Teaching is a rich and rewarding career that can change the lives of students forever. Teachers are able to share their passions with others and see them overcome challenges and barriers to find success. Although this sounds like a wonderful, carefree profession, teaching can be very taxing and mentally and physically exhausting. Teachers need a place to recharge or have a sounding board when times get overwhelming. Teachers need each other to lean on, emotional support, a teacher support network.

Why a Teacher Support Network is Essential

Teachers need their own emotional support network from the daily drags of teaching to the most complicated situations. Burnout, teacher anxiety, and teacher depression are real things that happen for many amazing teachers. These teachers give and give and give; they work nights and weekends, trying to develop the most engaging lesson plans for all of their different types of learners, and more.

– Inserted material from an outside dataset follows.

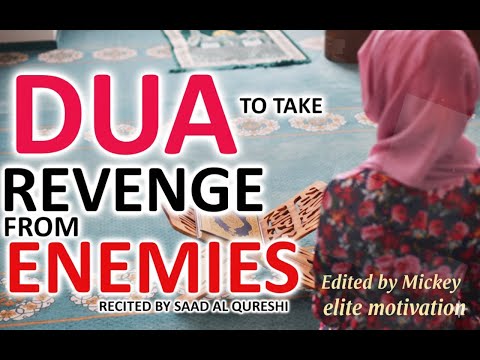 Powerful Dua To Take Revenge Quickly From Enemy, Bully _ Evil - ASK ALLAH'S HELP AGAINST Enemies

When teacher burnout and teacher stress are high, having that personal support network in place can be extremely helpful. You need to be able to voice your frustrations to others and have them support you in ways that show you that your feelings are real and how you can make it better.

These support networks can also offer constructive criticism. When you have your own core group, you should feel confident enough to explain where you are struggling and ask for suggestions.

These teachers or other staff members might just have the idea that you never thought of that can work for you. Constructive criticism is something positive and should never be looked at as though others are negatively judging your ability to teach. Great things can come from a different perspective.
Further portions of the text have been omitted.